Remdesivir is a broad-spectrum antiviral agent that has previously demonstrated antiviral activity against filoviruses (Ebola viruses, Marburg virus), coronaviruses (SARS-CoV, MERS-Co-V, SARS-CoV-2), paramyxoviruses (parainfluenza type III virus, Nipah virus, Hendra virus, measles, and mumps virus), and Pnemoviridae (respiratory syncytial virus). Remdesivir was shown to exhibit antiviral activity against SARS-CoV-2 in vitro studies, and it was proposed as an investigational drug early during the pandemic. However, based on data from randomized clinical trials that demonstrated superior clinical efficacy of remdesivir to placebo, remdesivir became the first antiviral drug approved by the US Food and Drug Administration (FDA) for clinical use in the management of patients with severe suspected or laboratory-confirmed COVID-19. It is the first drug approved by the US Food and Drug Administration (FDA) for clinical use in hospitalized patients with COVID-19 illness. This activity examines the pharmacology, dosing, indications, contraindications, and adverse events of remdesivir to optimize patient outcomes.

Objectives:

  • Review the indication of remdesivir alone or in combination with other drugs.
  • Outline the recommended doses for remdesivir in both pediatric and adult patient populations.
  • Describe the importance of close monitoring of renal and hepatic function before, during, and after the use of remdesivir.
  • Describe the importance of the interprofessional team approach, especially given the limited published literature on this drug's clinical efficacy and safety profile.

Indications

Remdesivir is a broad-spectrum antiviral agent that has previously demonstrated antiviral activity against filoviruses (Ebola viruses, Marburg virus), coronaviruses (SARS-CoV, MERS-Co-V, SARS-CoV-2), paramyxoviruses (parainfluenza type III virus, Nipah virus, Hendra virus, measles, and mumps virus), and Pnemoviridae (respiratory syncytial virus).[1][2][3] Remdesivir was initially developed against the Ebola virus based on its antiviral properties demonstrated in vitro and in vivo in animal models but failed to demonstrate efficacy in randomized clinical trials.[4][5] Remdesivir was shown to exhibit antiviral activity against SARS-CoV-2 in vitro studies, and it was proposed as an investigational drug early during the pandemic. However, based on data from randomized clinical trials that demonstrated superior clinical efficacy of remdesivir to placebo, remdesivir became the first antiviral drug approved by the US Food and Drug Administration (FDA) for clinical use in the management of patients with severe suspected or laboratory-confirmed COVID-19.

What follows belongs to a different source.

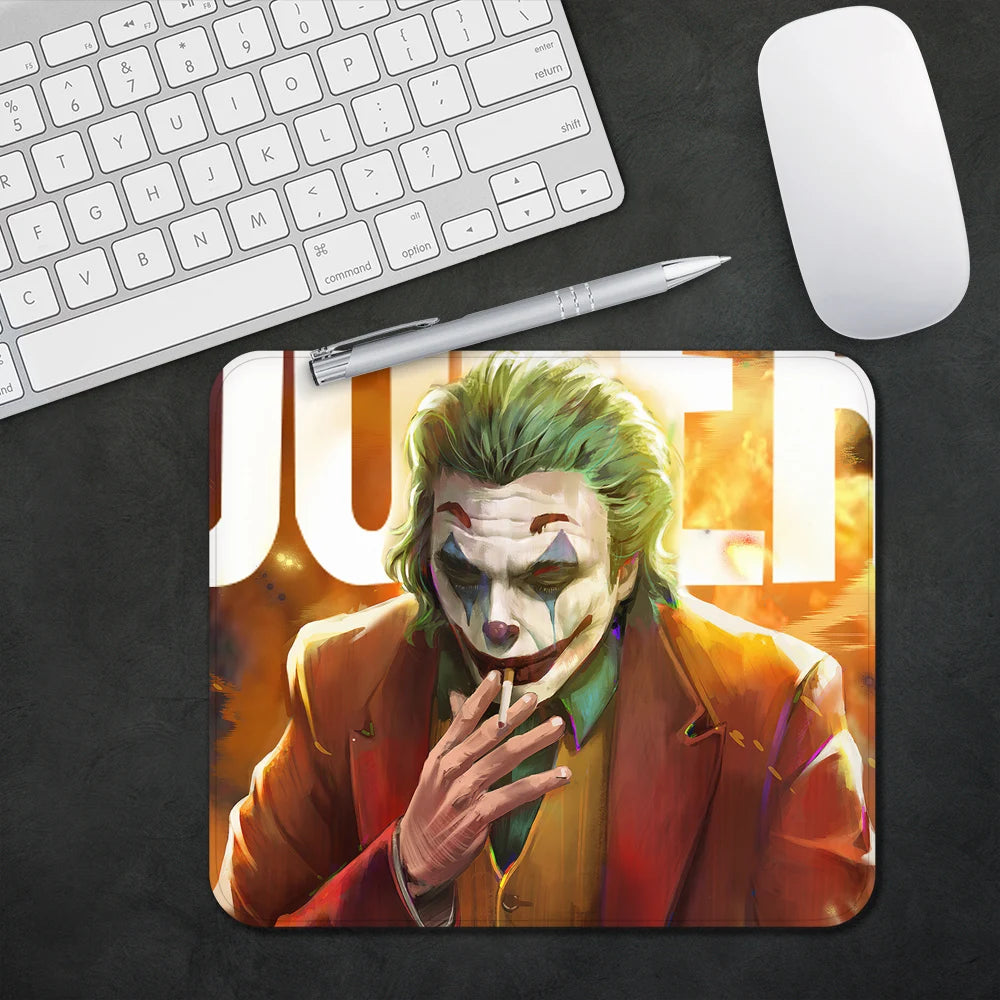 Kompaktes Gaming Mauspad für PC - Büro – Rutschfest und vielseitig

FDA Approved Indication (with clinical trial summaries)

  • Adults and pediatric patients (over age ≥ 28 days and weighing  ≥ 3 kgs or more) with a laboratory-confirmed positive  SARS-CoV-2 test who ARE hospitalized patients OR in patients with mild-to-moderate COVID-19 who are non-hospitalized but are at high risk for progression to severe COVID-19, including hospitalization or death
    • Results of a randomized, open-label trial of hospitalized patients admitted with moderate COVID-19 illness who were randomized to receive a 10-day course of remdesivir(n=197), a 5-day course of remdesivir(n=199), or standard of care(n=200) reported that patient is receiving the 10-day course of remdesivir did not have a statistically significant difference in clinical status compared to patients receiving standard of care. 
    • However, patients randomized to a 5-day course of remdesivir had a statistically significant difference in the clinical status compared to the standard of care.[6]
    • Final results of another double-blind, randomized placebo-controlled trial evaluating the efficacy of remdesivir in hospitalized patients with confirmed SARS-CoV-2 and COVID-19 pneumonia demonstrated that remdesivir was superior to placebo in shortening the time to clinical recovery.[7]
    • However, results from the WHO Solidarity Trial conducted at 405 hospitals spanning 40 countries involving 11,330 inpatients with COVID-19 who were randomized to receive remdesivir (2750), hydroxychloroquine(954), lopinavir(1411), and interferon regimens(2063), and no trial drug(4088) reported that remdesivir, hydroxychloroquine, lopinavir, and interferon regimens had little or no effect on overall mortality, initiation of mechanical ventilation, and length of hospital stay.[8]
    • Based on the encouraging data from three randomized, controlled clinical trials that evaluated the clinical efficacy of remdesivir in patients hospitalized with mild-to-severe COVID-19, the US Food and Drug Administration(FDA) approved remdesivir for treatment in adults and pediatric patients with COVID-19.
  • The latest National Institutes of Health (NIH) Covid-19 treatment guidelines panel recommends the use of either remdesivir alone or dexamethasone plus remdesivir or dexamethasone alone if combination therapy (remdesivir and dexamethasone) is not available in hospitalized patients who require supplemental oxygen but are not receiving HFNC or NIPPV or IMV or ECMO.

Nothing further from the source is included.